=== EXERCISE INPUT ===
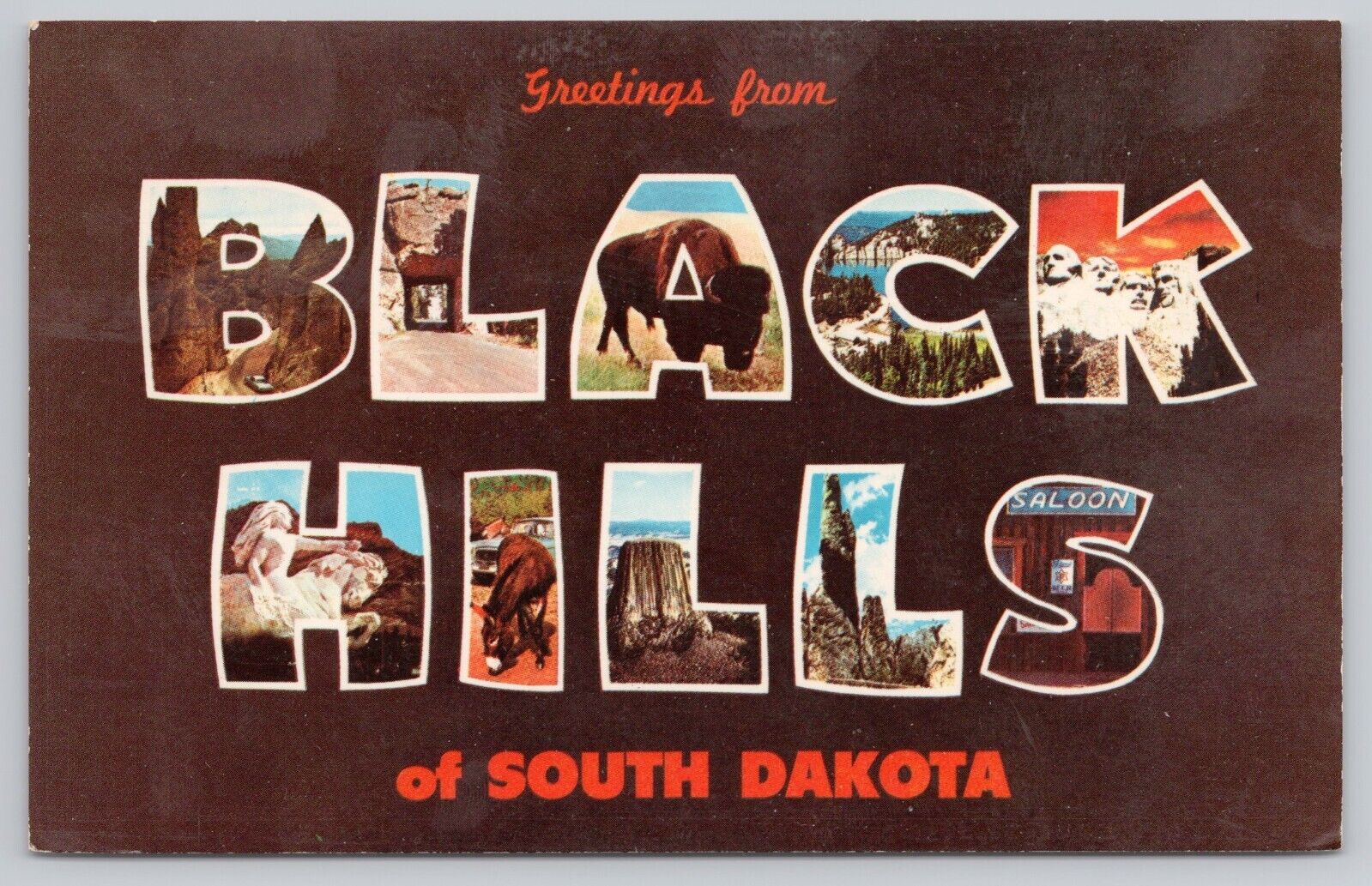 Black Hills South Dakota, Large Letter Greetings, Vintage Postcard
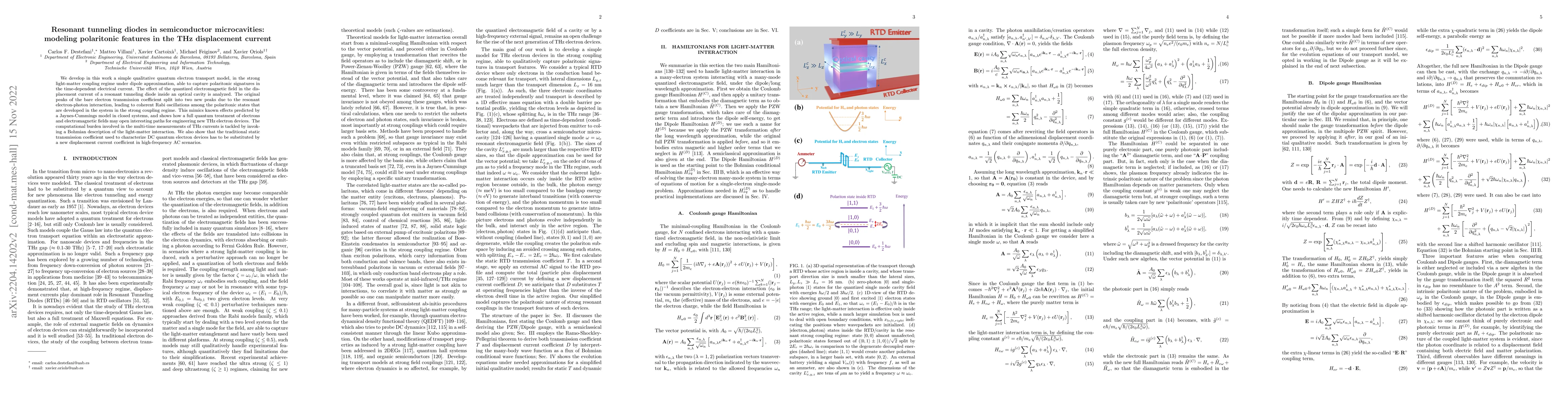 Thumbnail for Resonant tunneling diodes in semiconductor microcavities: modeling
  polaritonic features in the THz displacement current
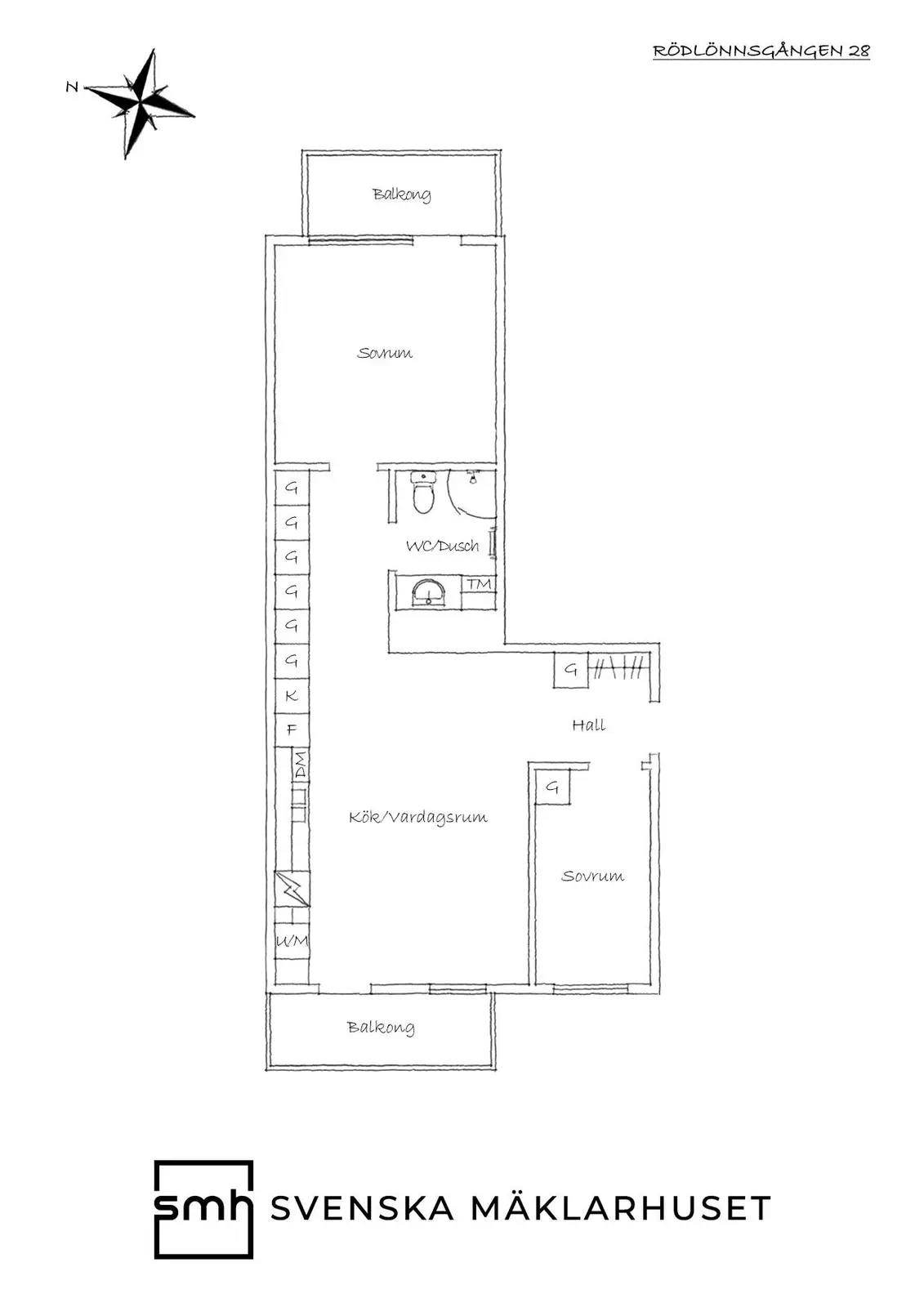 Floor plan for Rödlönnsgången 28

...

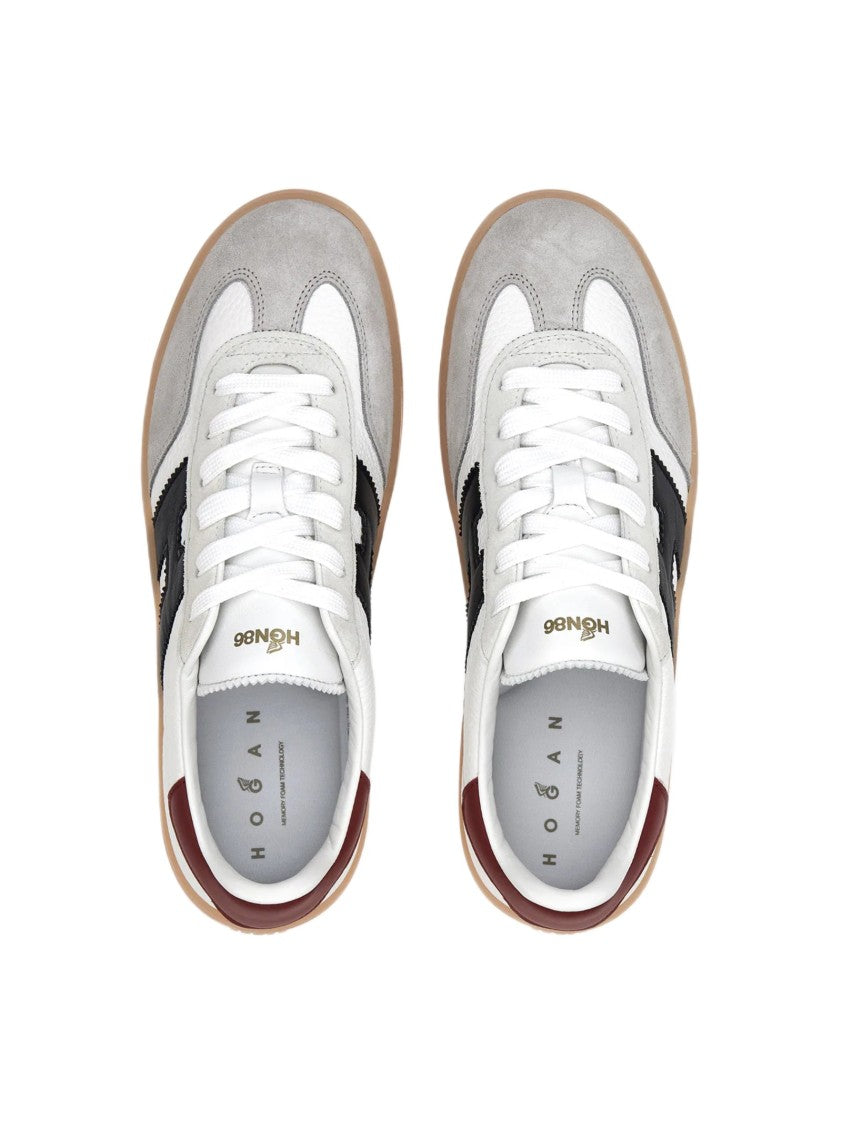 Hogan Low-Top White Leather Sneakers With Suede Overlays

=== TASK TO CARRY OUT ===
What's needed is an exact copy of the records above from the line containing "Thumbnail for Resonant" down to the line containing "Floor plan for Rödlönnsgången 28", both included, without any pictures.

=== ANSWER SPACE ===
 Thumbnail for Resonant tunneling diodes in semiconductor microcavities: modeling
  polaritonic features in the THz displacement current
 Floor plan for Rödlönnsgången 28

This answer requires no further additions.